[WORK TO COMPLETE]:
In the copy, keep every line below as it is and leave out the pictures.

[Dataset entries]:
──────

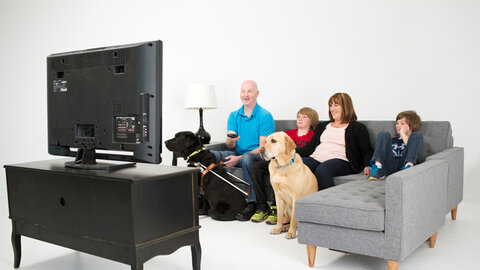 A family, and guide dog, watching television Thumbnail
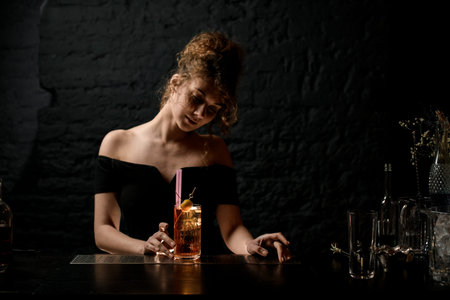 attractive young woman at bar hold glass glass with alcoholic drink decorated by berry and look at...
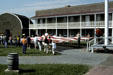 Visitors participate in flag ceremony run by National Park Service at Fort McHenry. Baltimore, MD.
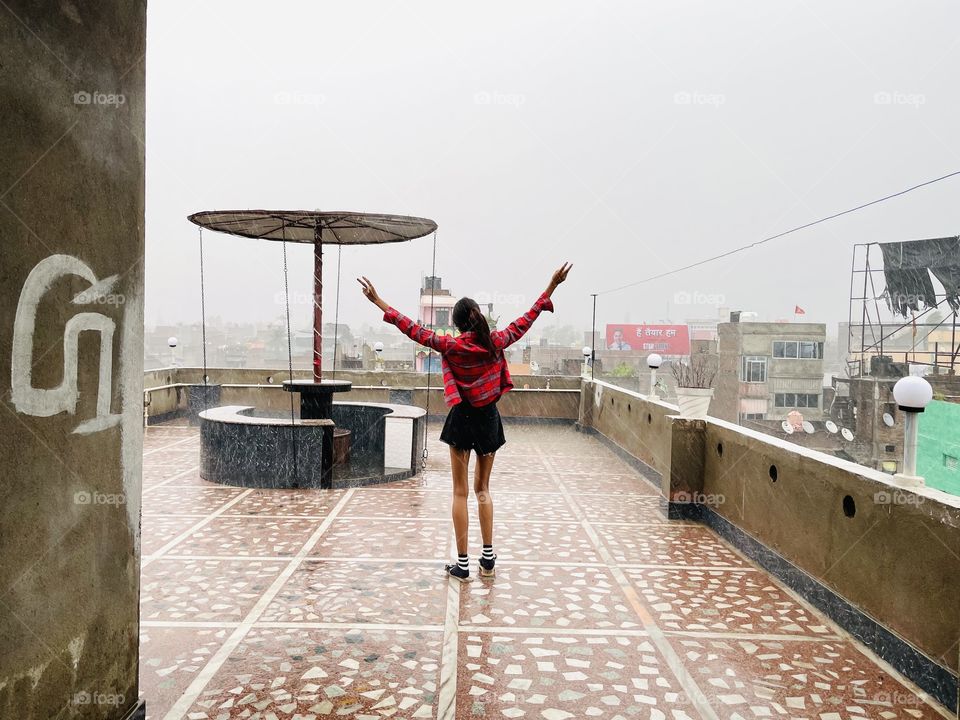 Enjoying and smiling in rain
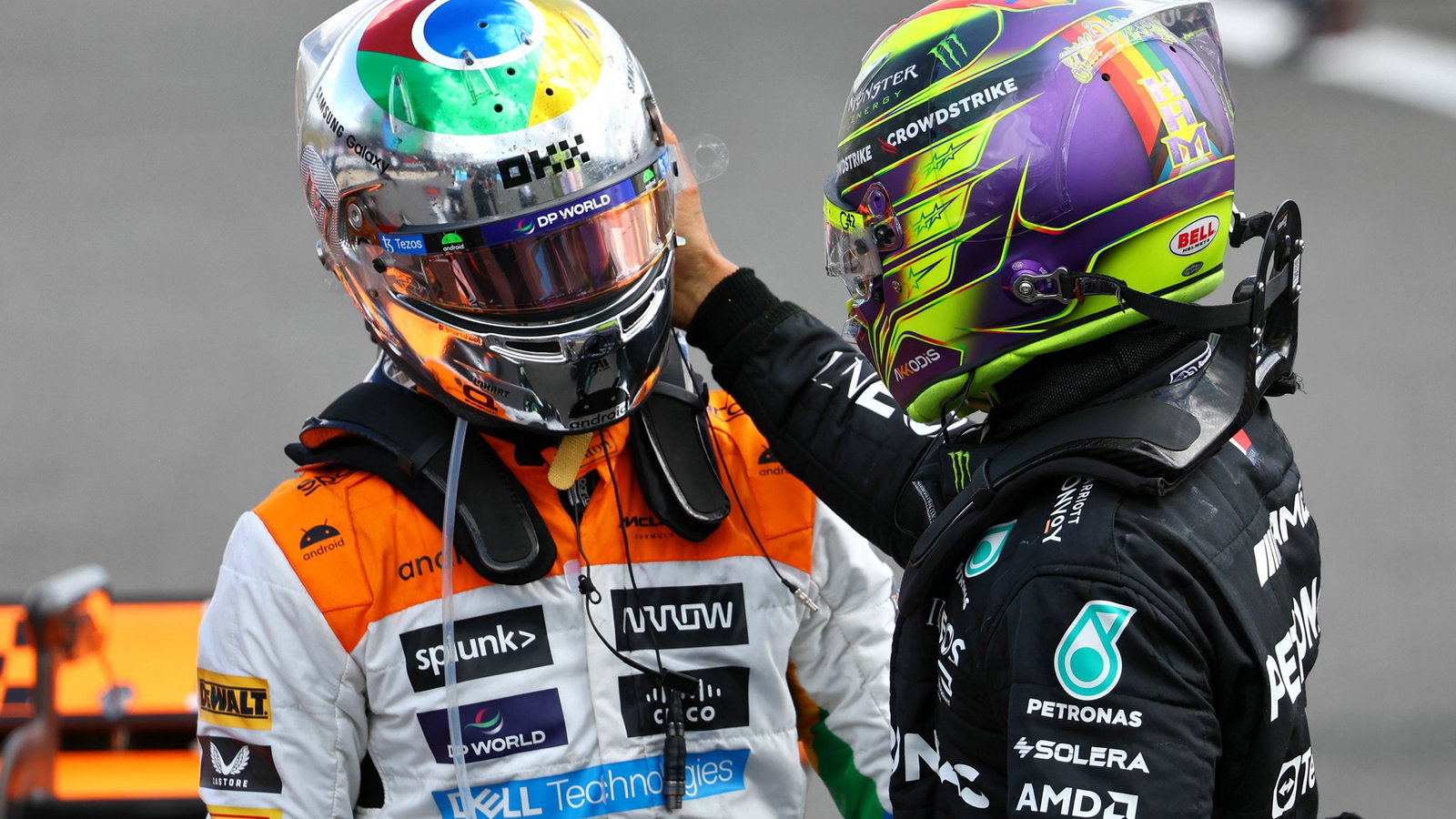 (L to R): Lando Norris (GBR) McLaren celebrates his second position with third placed Lewis Hamilton (GBR) Mercedes AMG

──────

[YOUR SOLUTION]:
 A family, and guide dog, watching television Thumbnail
 attractive young woman at bar hold glass glass with alcoholic drink decorated by berry and look at...
 Visitors participate in flag ceremony run by National Park Service at Fort McHenry. Baltimore, MD.
 Enjoying and smiling in rain
 (L to R): Lando Norris (GBR) McLaren celebrates his second position with third placed Lewis Hamilton (GBR) Mercedes AMG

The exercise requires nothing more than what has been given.